Mais à la surprise de Martin, plutôt que de devoir franchir l'Empire de part et d'autre, à cheval ou en bac, il n'eut qu'à coller son front à un arbre, prier et fermer les yeux, pour être transporté en un lieu inconnu.
La première chose qui le frappa fut l'air. Celui ci était différent, plus lourd, sec, attaquant la peau et vous vidant de l'eau contenant votre corps. Pendant une minute, il eu l'impression de suffoquer, lui qui avait quitté les terres froides de l'hiver nordlandais, pour un été de canicule, sous le soleil cruel des frontalières.
Ensuite ce fut les étranges animaux, qu'il mis un temps à identifier, présents à ses côtés. Hommes bêtes. La lie de l'humanité. Les parias. Les mutants. Les monstres. Ces saloperies que l'on tuait à vue. Cette engeance du chaos que l'on tuait au berceau, la rage au cœur, par devoir. Mais étrangement, un baume mystérieux vint éteindre cette haine dévorante qu'il avait à l'égard de ces abominations, et, bon an mal an, fit route avec eux vers la cité.
Et quelle cité ! Une ville alliant le magnifique à l'horrible. Cette architecture des plus raffinées, des plus nobles, ces dômes d'or et de lumière, ces murs parfaits, ces tours qui semblaient toucher le ciel... Mais également le silence. Ce silence de mort qui vous prenait à la gorge, vous glaçait les os.... Oh. Certes. Il y avait des vivants en ces lieux, mais.... Ils étaient peu. Ils étaient silencieux. Et effacés. Discrets.
Au centre de l'urbain se dressait une forteresse noir, faite d'onyx, ou bien d'obsidienne. L'entrée n'en était pas gardée. Ni surveillée. En fait, les rares soldats vivants les invitaient même à y entrer.

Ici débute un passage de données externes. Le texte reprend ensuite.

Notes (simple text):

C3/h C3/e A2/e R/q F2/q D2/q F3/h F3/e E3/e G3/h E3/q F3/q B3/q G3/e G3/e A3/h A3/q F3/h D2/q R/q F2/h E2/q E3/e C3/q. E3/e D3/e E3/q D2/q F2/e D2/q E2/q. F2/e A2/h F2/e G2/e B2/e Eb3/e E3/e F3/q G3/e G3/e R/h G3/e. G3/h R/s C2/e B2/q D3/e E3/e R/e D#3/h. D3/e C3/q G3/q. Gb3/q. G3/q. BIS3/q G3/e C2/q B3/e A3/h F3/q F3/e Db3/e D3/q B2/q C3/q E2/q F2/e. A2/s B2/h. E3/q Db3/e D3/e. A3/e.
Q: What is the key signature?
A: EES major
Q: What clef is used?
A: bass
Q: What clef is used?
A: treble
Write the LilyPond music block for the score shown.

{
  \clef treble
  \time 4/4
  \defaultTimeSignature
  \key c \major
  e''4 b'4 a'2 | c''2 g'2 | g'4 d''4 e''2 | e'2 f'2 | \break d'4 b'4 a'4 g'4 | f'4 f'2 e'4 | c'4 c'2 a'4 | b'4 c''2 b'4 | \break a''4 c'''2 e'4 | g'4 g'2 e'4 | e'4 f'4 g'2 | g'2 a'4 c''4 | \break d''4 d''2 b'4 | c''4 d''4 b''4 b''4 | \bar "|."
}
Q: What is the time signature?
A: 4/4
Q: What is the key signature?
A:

Sur ses gardes, ses nouveaux "compagnons" à ses côtés, le chasseur, l'arc en main, la flèche déjà encochée, longeait les murs de ce palais sinistre. Tout était de bon goût, mais quelque chose dans l'air gâtait tout cet apparat et cette gloire passée qui avait décorée la place....
Divers salles traversée, trophées admirés, exploits d’antan du maître des lieux, capturés par tableaux, statues et sculptures....
L'être qui leur fit finalement face dans la salle du trône....C'était... Il n'y avait pas de mot. Son aspect sordide, macabre, n'éteignait malgré tout pas le charisme qui se dégageait de lui. Les corps suspendus de sinistre manière, derrière sa personne, le sang qui peignait le mur, les tapisseries, teintées du liquide carmin d'infortunées victimes...
Et cette femme étrange qui figurait à ces côtés... Ce regard froid, cruel, qui vous donnait envie de vous carapater, mais en même temps cette beauté sensuelle à qui vous ne pouviez dire non, à qui vous donneriez tout, dans l'espoir infime qu'elle daigne vous laisser caresser sa main, sentir son parfum.... Elle lui fouetait le sang comme jamais, faisant naître un désir insoupçonné en lui, tant dans son cœur que dans son bas ventre...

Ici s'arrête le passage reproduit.